(FOLHAPRESS) – Dos R$ 597 milhões aplicado em multas pela Aneel (Agência Nacional de Energia Elétrica) desde 2018 a Enel Brasil, a empresa conseguiu suspender, por meio de decisões judiciais, R$ 349 milhões. As informações foram obtidas pela reportagem por meio da LAI (Lei de Acesso à Informação).
Ao todo, a Enel foi autuada inicialmente em mais de R$ 700 milhões, mas, após recursos aceitos pela agência, o valor caiu para R$ 597 milhões. Essas autuações podem ser aplicadas nos casos de “infrações à legislação setorial, bem como a inobservância aos deveres”, de acordo com a resolução normativa 846/2019.
A empresa disse à reportagem que “pagou parte das multas aplicadas pela agência reguladora no período de 2018-2024 e outra parte encontra-se em discussão na esfera judicial”. Porém não comentou os números, tanto de valores quanto de quantidade de multa suspensas e qual o argumento para cada suspensão.
A filial em São Paulo responde por sete das multas recebidas, das quais cinco foram pagas (somam R$ 59 milhões) e duas acabaram suspensas (R$ 261 milhões, no total).
A reportagem teve acesso à defesa apresentada neste ano pela Enel para tentar se livrar da punição de R$ 165 milhões em razão da demora no restabelecimento da distribuição em novembro do ano passado.
A empresa alegou que não podia prever os efeitos com “ventos e chuvas muito acima do previsto nos boletins meteorológicos, ocasionando diversos danos às redes da Enel SP, especialmente causados pela queda de árvores”.
O argumento foi aceito pelo juiz Mateus Benato Pontalti, da Justiça Federal da 1ª Região, que travou a punição.
A Enel de Goiás (atual Equatorial) teve duas punições travadas, que totalizam R$ 76 milhões.
Confira todas as multas que a Enel tomou desde 2018:
Em 2022, a Aneel apontou que a Enel descumpriu critérios relativos à qualidade do serviço prestado no estado de Goiás e chegou a abrir um processo para analisar a eventual caducidade da concessão.

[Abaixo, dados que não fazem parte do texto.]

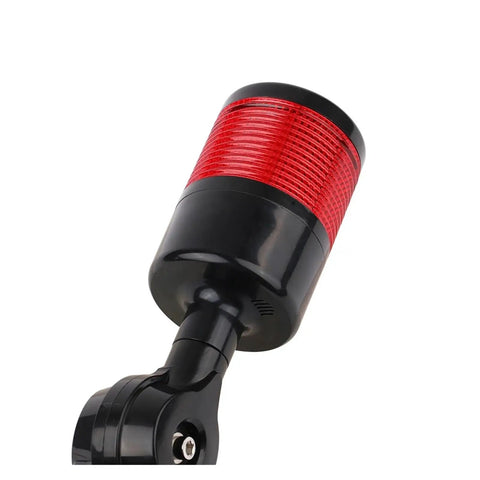 Straight Up Heavy Duty Multi Layer Led Signal Tower And Industrial Status Lamp With 55 MM Stacked Warning Beacon For Shop Floor Machinery 24V Dc 220V Ac Panel Mount Alarm Light, red beacon with black base.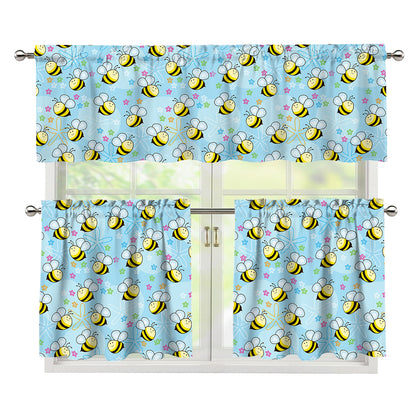 Cute Cartoon Bee Pattern Print 3 Piece Kitchen Curtains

A empresa solicitou, então, a aprovação da transferência do controle societário como alternativa. O modelo foi aprovado pela agência.
A compra da Enel Goiás pela Equatorial foi fechada em 23 de setembro de 2022 por R$ 1,58 bilhão. Todas as multas do estado foram emitidas antes dessa data.
A empresa assumiu R$ 5,7 bilhões em dívidas deixadas pela antecessora. Quatro multas são indicadas como quitadas, no valor agregado de R$ 34 milhões, mas o documento não informa se foram pagas pela Enel ou pela Equatorial. A reportagem procurou as duas empresas, mas não recebeu respostas sobre esse ponto.
A Enel do Ceará recebeu R$ 72 milhões em multas, dos quais R$ 13 milhões foram suspensos. As duas últimas autuações que a filial recebeu, em 26 de julho de 2021 e 3 de junho de 2020, também sofreram reduções após recursos aceitos pela Aneel.
Uma caiu de R$ 35,9 milhões para R$ 26,5 milhões e a outra passou de R$ 26 milhões para R$ 2,9 milhões, respectivamente.
A filial do Rio de Janeiro acumulou cinco multas desde 2018 e quitou R$ 23,9 milhões até agora -uma foi cancelada, mas nenhuma acabou suspensa. Contudo, a multa mais recente, emitida em abril deste ano, no valor de R$ 54 milhões, é rotulada como “em cobrança”.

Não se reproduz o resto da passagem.